[Humanist] 28.442 HTML vs XML for TEI

Humanist Discussion Group willard.mccarty at mccarty.org.uk
Mon Oct 27 08:49:45 CET 2014


                 Humanist Discussion Group, Vol. 28, No. 442.
            Department of Digital Humanities, King's College London
                       www.digitalhumanities.org/humanist
                Submit to: humanist at lists.digitalhumanities.org

  [1]   From:    Desmond Schmidt <desmond.allan.schmidt at gmail.com>        (653)
        Subject: Re:  28.437 HTML vs XML for TEI

  [2]   From:    Desmond Schmidt <desmond.allan.schmidt at gmail.com>        (620)
        Subject: Re:  28.437 HTML vs XML for TEI


--[1]------------------------------------------------------------------------
        Date: Mon, 27 Oct 2014 06:20:09 +1000
        From: Desmond Schmidt <desmond.allan.schmidt at gmail.com>
        Subject: Re:  28.437 HTML vs XML for TEI
        In-Reply-To: <20141025081254.61A147829 at digitalhumanities.org>


Hi Martin,

this is going to be a quick email, because I have run out of time to
continue this discussion. So I'll answer all the current points and then
stop. What it has revealed to me is the need to research this topic
further, and that it cannot be resolved by a discussion on Humanist.

> XML will be superceded by something better; but most of us don't believe
> that is close, and in fact, as schema, query and transformation languages
> and tools keep getting better, XML is actually working better for us all
> the time.

It rather depends on who you ask. If you ask someone who has a vested
interest in the continuation of XML then of course they are going to say
these kinds of things. I only go by what James Clark said in the link I
sent earlier (http://blog.jclark.com/2010/11/xml-vs-web_24.html), that XML
is being replaced by JSON as a Web technology. He said that 4 years ago and
this has pretty much happened since.

As to the question of it as a mixed content technology I see it as
dependent on the Web use of XML. I don't want to crystal-ball gaze but for
those of us who have seen big technologies come and go before the pattern
is clear.

"So what's the way forward? I think the Web community has spoken, and it's
clear that what it wants is HTML5, JavaScript and JSON. "(note the absence
of XML)

And he should know: he invented the name XML, wrote the first XML-parser (I
think), and XSLT. He's Mr XML if anyone is. Humanists need to be insulated
from that kind of change. That is why I was urging that TEI be made
abstract, not bound to changeable technology.
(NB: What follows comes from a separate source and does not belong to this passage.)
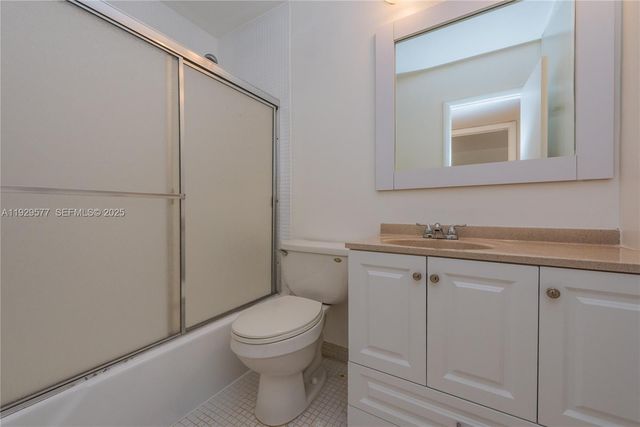 10784 N Kendall Dr D2, Miami, FL 33176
> In HTML, there is no prescribed or recommended way of encoding a line of
> verse; we would all have to make up our own systems

A good point. The question is, does it really matter? What are we going to
do with that information? I'm not sure that semantically knowing that
something is a line is going to help us "understand" anything about the
text. Probably all we want to do is format it.
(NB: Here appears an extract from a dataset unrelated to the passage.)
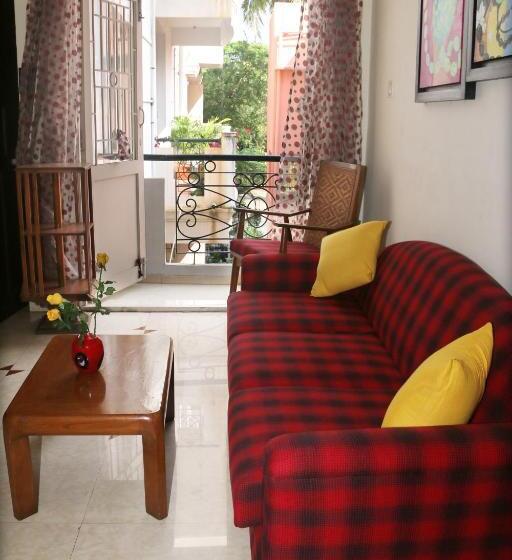 تختخواب و صبحانه Happy Planet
> TEI is huge, and one of the first things we do when starting a TEI project
> is to further constrain it so that it contains only what we need.

Even when you "constrain it" you're still defining a specific markup
language that hasn't existed before. Once you do that you are required to
write software that can process that language. You might get by with a
generic stylesheet, but for any anything more you're binding the encoding
to custom software. So forget about interoperability from that moment on.

> Images are texts; most of us have seen them as texts for a long time.
> Here's an example of an image which is a text:

Yes, every text is also an image. But the difference here is the humanistic
way of classifying of images versus text and the software engineer's
perspective. The TEI Guidelines are software. To make software work well
requires that every part has a clearly defined role. The markup of <zone>
does not refer to any feature of text. It describes a region in an image.
The reference to the image file itself requires the existence of that file
in the environment. Giving the transcription to someone else without that
file, at that resolution, with that format will break the  transcription.
It's not logical but highly specific markup that treats XML like a
word-processor.

> Such information should be external to the textual
> > surrogate, not part of it.
>
> I'm not sure I understand this.

If I say <pb n="5"/> that's abstract.The environment in which the textual
surrogate is used can supply a file linked to the "5". It can even be in a
database. It can be any size, any resolution, any format. If I say <pb
facs="0005.jpg"/> Suddenly all that generality goes out the window. In the
same way the <zone> element and its <graphic url="graphic.png "/> are not
general specifications.They impose a link between the transcription and its
external environment that makes it brittle, not reusable.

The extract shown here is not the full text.